E-A-Db-Gb-B-E
• OVERVIEW •
The Arabic oud (fretless lute) is slightly larger than its Turkish cousin, and consequently takes deeper tunings. This interval pattern transposes a common tuning, popular in Syria and the surrounding region (…to jam with the original depth, move everything down 4 semitones: C-F-A-D-G-C).
Note the guitar-like circle of fourths (across 4-3-2-1str) – in fact, the whole tuning is just a reshuffling of the guitar’s Standard interval pattern (‘5-4-5-5-5’ vs. ‘5-5-5-4-5’).

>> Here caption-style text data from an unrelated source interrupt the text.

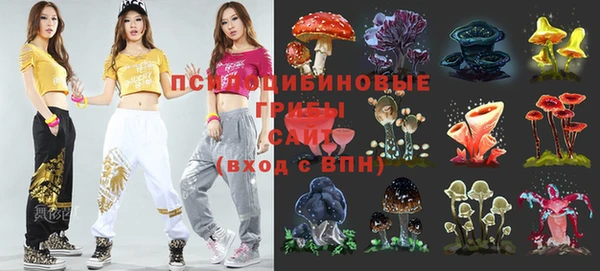 бошки Алексеевка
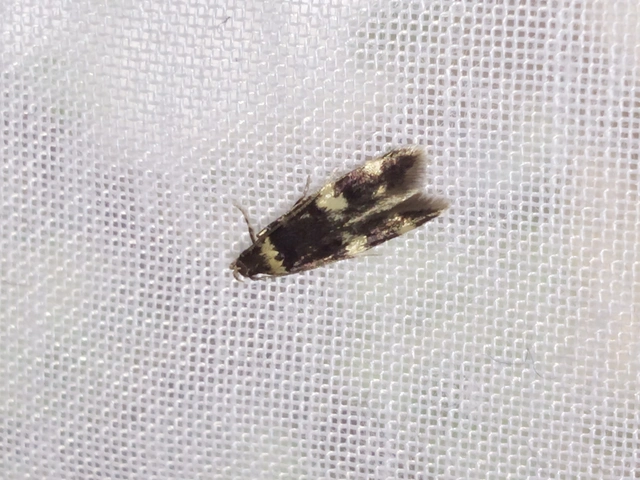 Autostichidae - avarmolyfélék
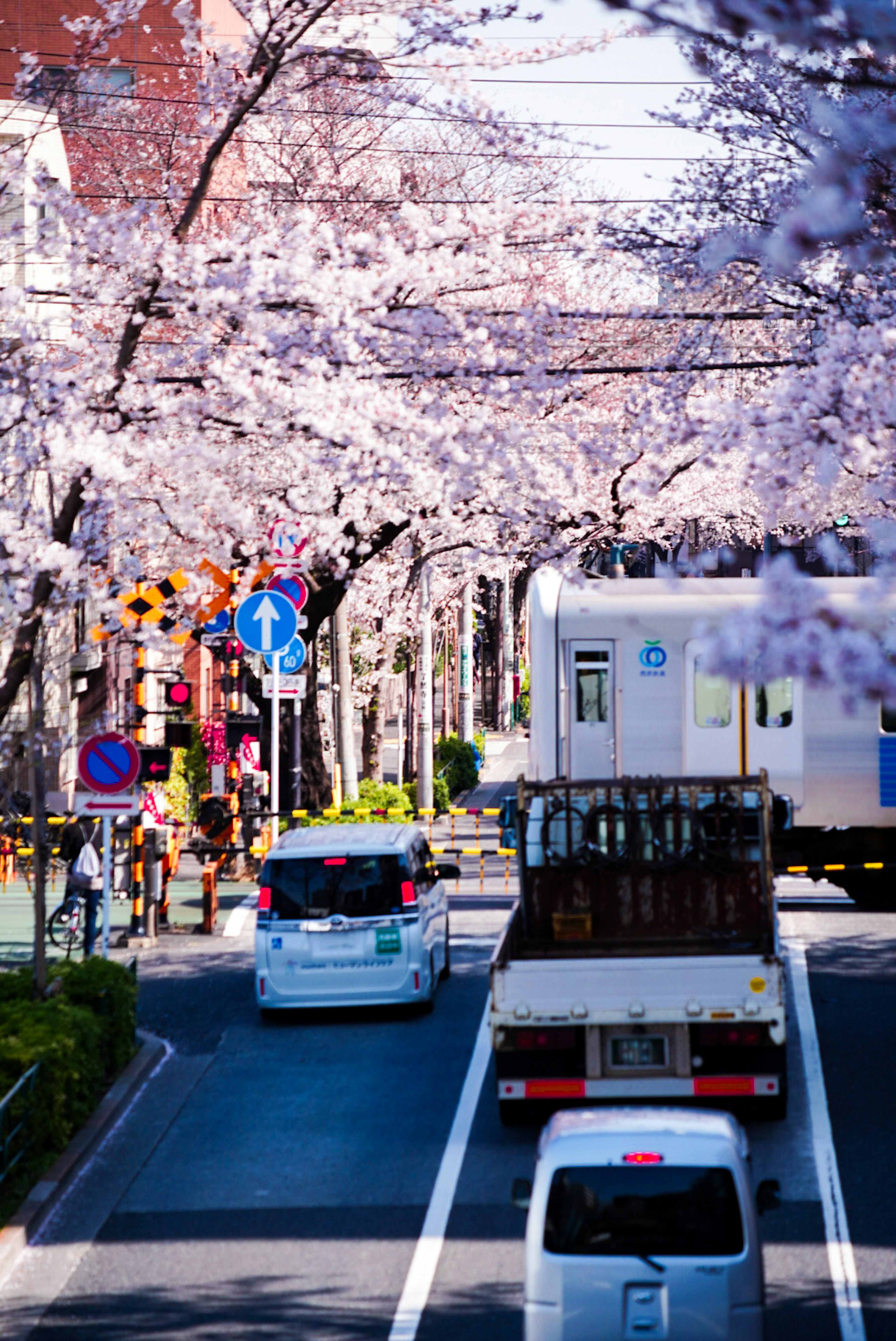 Rue bordée d'arbres à fleurs de cerisier et de véhicules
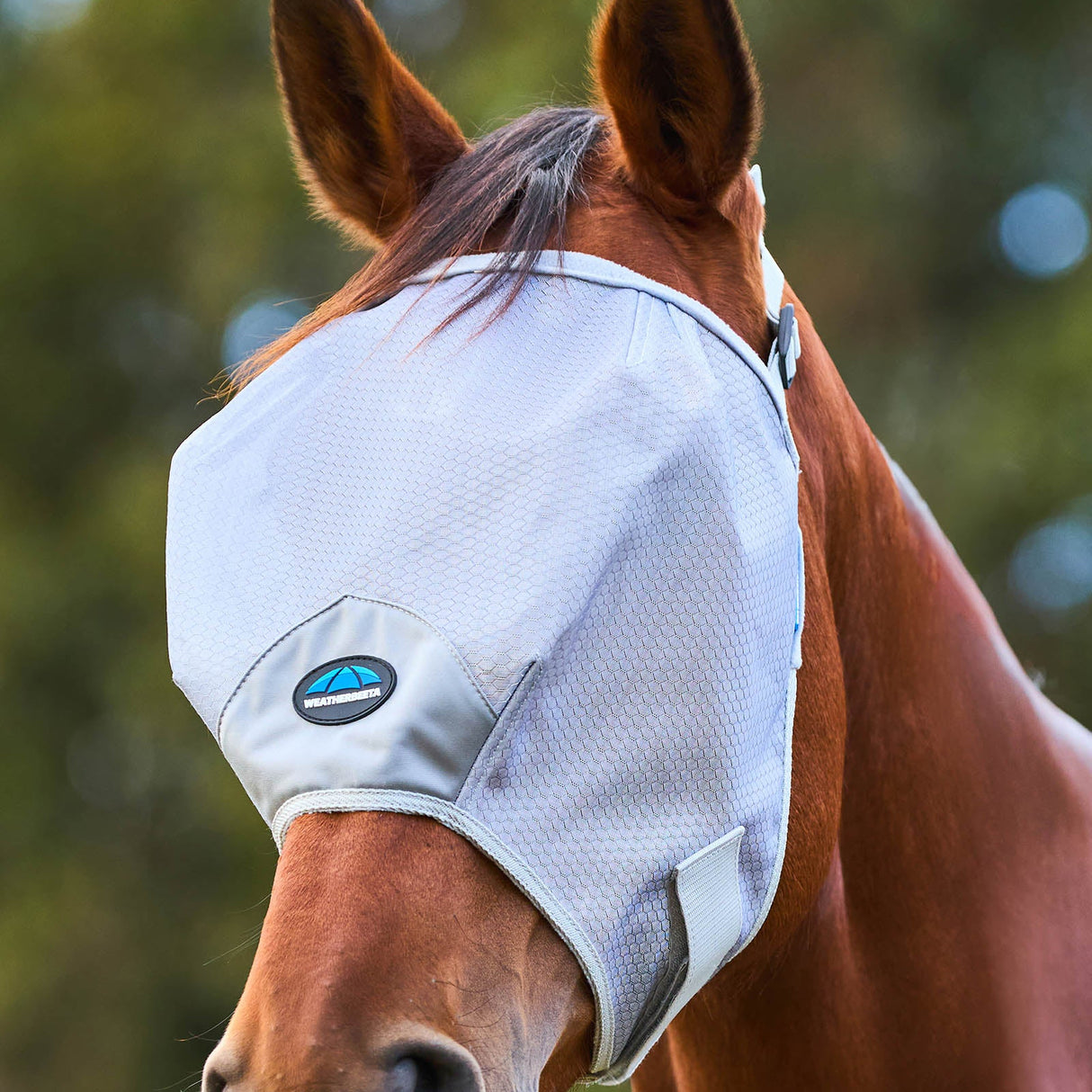 Weatherbeeta Comfitec Hexi Shield Duo Fly Mask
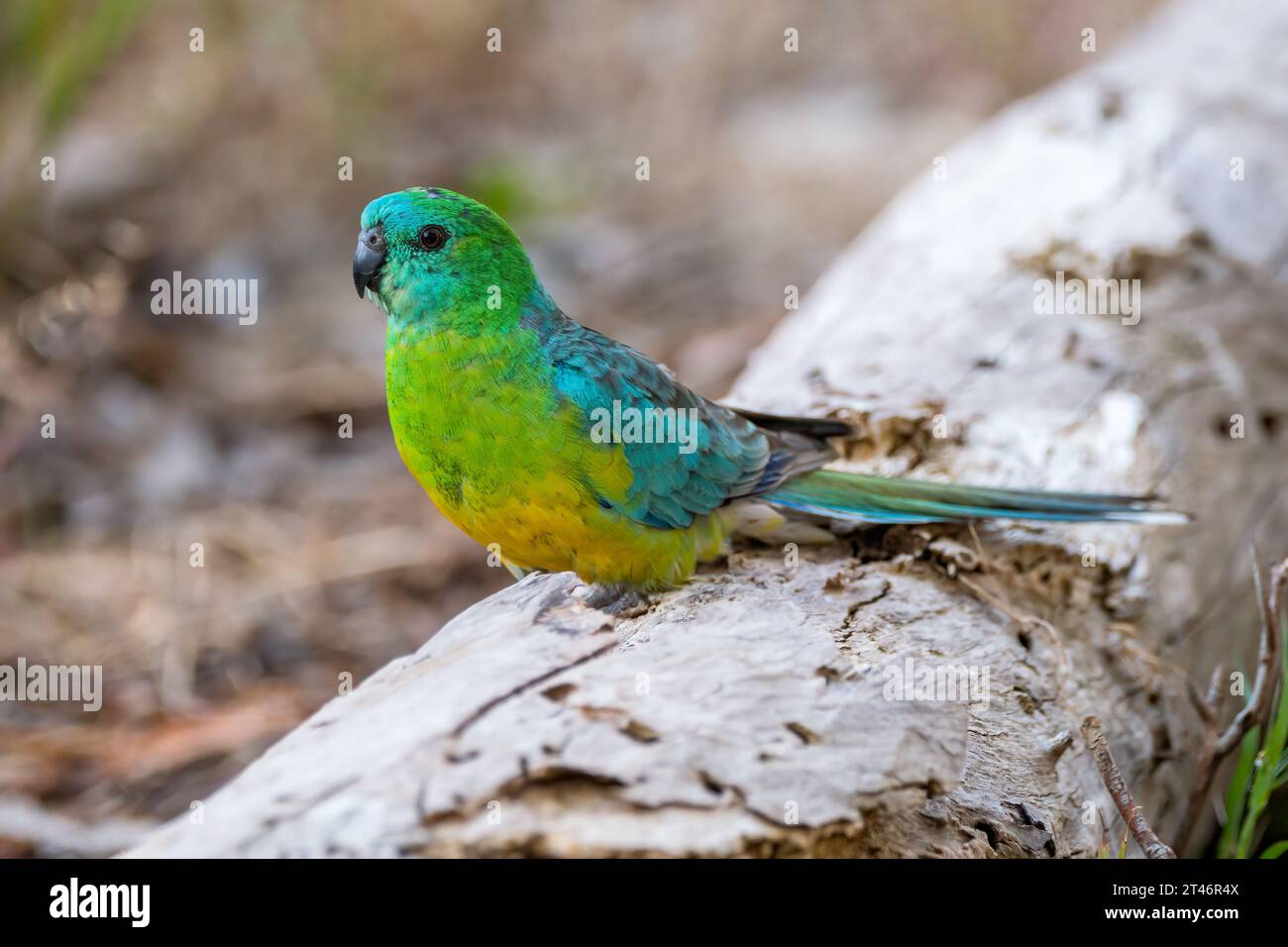 turquoise parrot, Neophema pulchella, on the ground, Melbourne, Australia Stock Photo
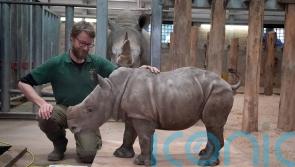 Zookeepers delighted that baby rhino is already as heavy as a piano
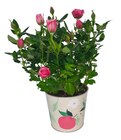 Foire aux plantes colorées - Carrefour à Ajaccio Foire aux plantes colorées en promo chez Carrefour Ajaccio à 3,49 €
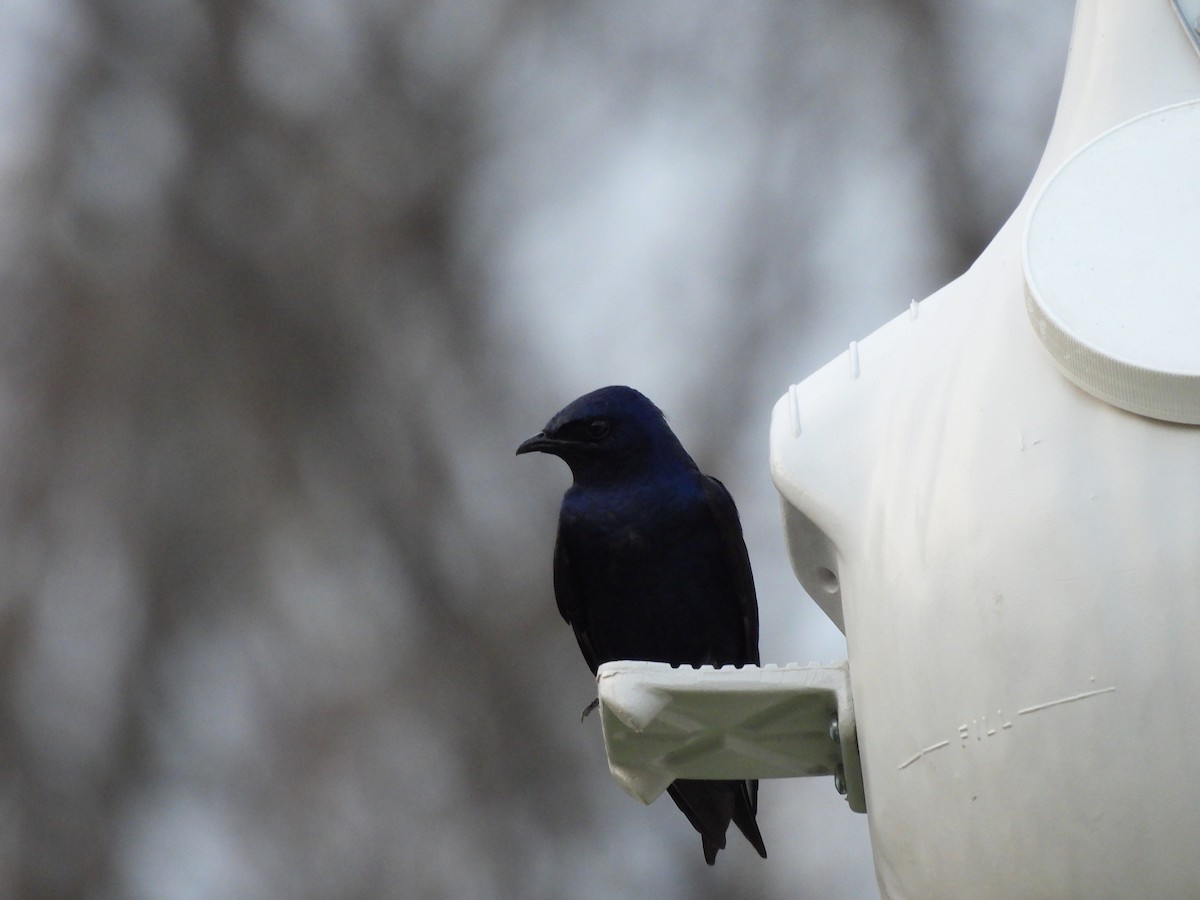 jiřička modrolesklá - ML634321395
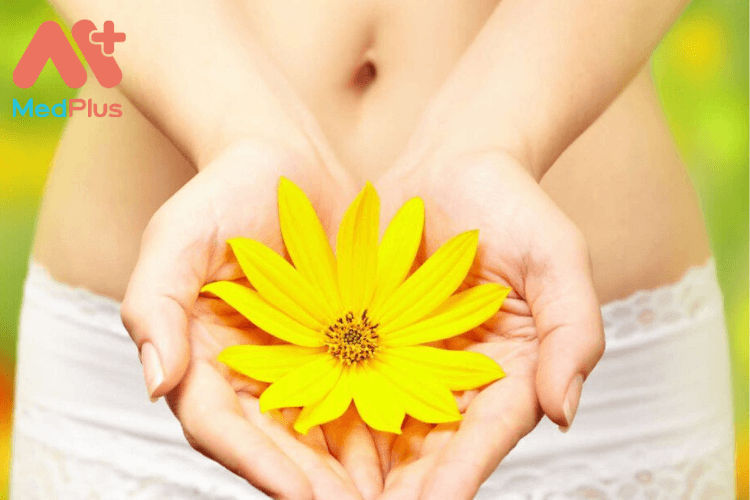 Viêm âm đạo do nấm - Bệnh hầu như chị em nào cũng mắc phải! 127 viêm âm đạo do nấm là bệnh gì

Use these almost-familiarities for broad modal explorations, with open-string drone tones available to complement melodic lines and thicken the overall sound (n.b. also see Turkish Oud tuning, which adapts a higher variant of this pattern).
Pattern: 5>4>5>5>5
Harmony: E6/9(sus4) | 1-4-6-2-5-1
• TUNING TONES •
• SOUNDS •
The Arabic oud is a fretless lute with 11-13 strings, arranged in 6 or 7 ‘courses’ (string groups: like a 12-string guitar) – all are paired in unisons other than the very deepest, which resonates alone. This basic design turns up in a range of traditions across the Islamic world and beyond, with variety existing between local variants – for example Syrian, Egyptian, and Iraqi models all sound subtly different.
Wissam Joubran (one-third of Palestinian oud group Le Trio Joubran) unpacks the instrument’s expansive history: “The oud is…descended from the ancient lyre or harp, that had several strings, each of which played one single note. Westerners have used the oud since its emergence during the Andalusian period (8th-15th century), which was the golden era of this instrument…Its history, as well as its rich sonorities, favoured its assimilation of many musical cultures, both Arab and non-Arab, which explains the multiplicity of ‘languages’ that the instrument can express”.
- NPR Tiny Desk set – Rahim Al-Haj (2015):
“There is nothing that is really ‘Western’ or ‘Eastern’ music – we made that all up. What is so-called ‘world music’? That completely depends on your perspective, where you are located yourself. What is exotic in one place is commonplace or traditional in another. There is only the world, and there is only music…” (Rahim Al-Haj)
The European lute, an ancestor of the guitar, was adapted from North African oud designs (the word ‘lute’ comes from the Arabic al-‘oud) – meaning that the oud is a direct ancestor of the guitar family too (check out more of this history in the writeup for Standard tuning).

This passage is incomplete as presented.